| ON DECK FOR THURSDAY, APRIL 4 |
KEY POINTS:
- Markets in a holding pattern before tomorrow’s US, Canadian jobs
- Powell said nothing new on monetary policy yesterday...
- ...but shoved back against mandate creep
- Soft Swiss core inflation heats up SNB cut bets
- US layoffs, claims on tap; watch for Good Friday distortions
- Canadian trade’s contribution to growth to be updated
- More Fed-speak today
Overnight developments were very light in terms of markets and macro developments. Weaker than expected Swiss CPI reinforced pricing for another SNB cut. Oil prices are flat so far this session. Curves are marked by slight underperformance by US Ts. Equities are mostly higher across global benchmarks.
Powell Said Nothing New
I don’t see notable catalysts for this morning’s market moves and didn’t think Powell said anything new yesterday as his core message remained that they need more data to assess what’s going on with inflation and can take their time before probably cutting later.

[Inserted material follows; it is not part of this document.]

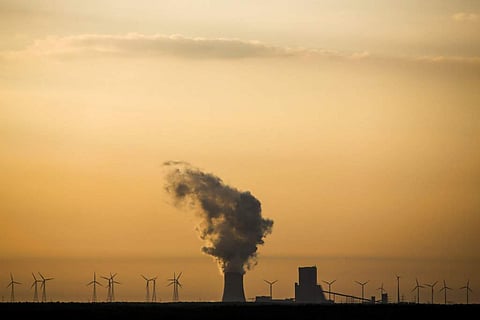 0 1 In this Tuesday, June 5, 2018 photo, steam rises in the air from the brown coal power plant Schwarze Pumpe in the Lusatia, (Lausitz) area in Germany.  | AP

That’s entirely compatible with the -75bps in the dot plot and the clear skewness toward less in the distribution.
The opportunity was missed to ask Powell questions like how he views the large run-up in oil prices from the standpoint of opportunity to US oil producers versus inflation risk, particularly given somewhat of a rise in some measures of inflation expectations.
Beyond that, the rest of Powell’s short speech just pushed back against mandate creep by telling everyone to stop pressuring the Fed to get involved in determining climate policy, immigration policy, fiscal policy etc. Good for him! His message was that they have enough on their plate and it’s up to elected officials and others to manage the rest. Frankly, given the rather glaring imperfections in how the Fed conducts monetary policy, I wouldn’t want them touching the rest anyway!! It was mildly amusing that he delivered this message before Stanford’s ‘Business, Government and Society Forum’ at its business school that emphasizes a need to focus upon all manner of considerations beyond the business of running a business to its students.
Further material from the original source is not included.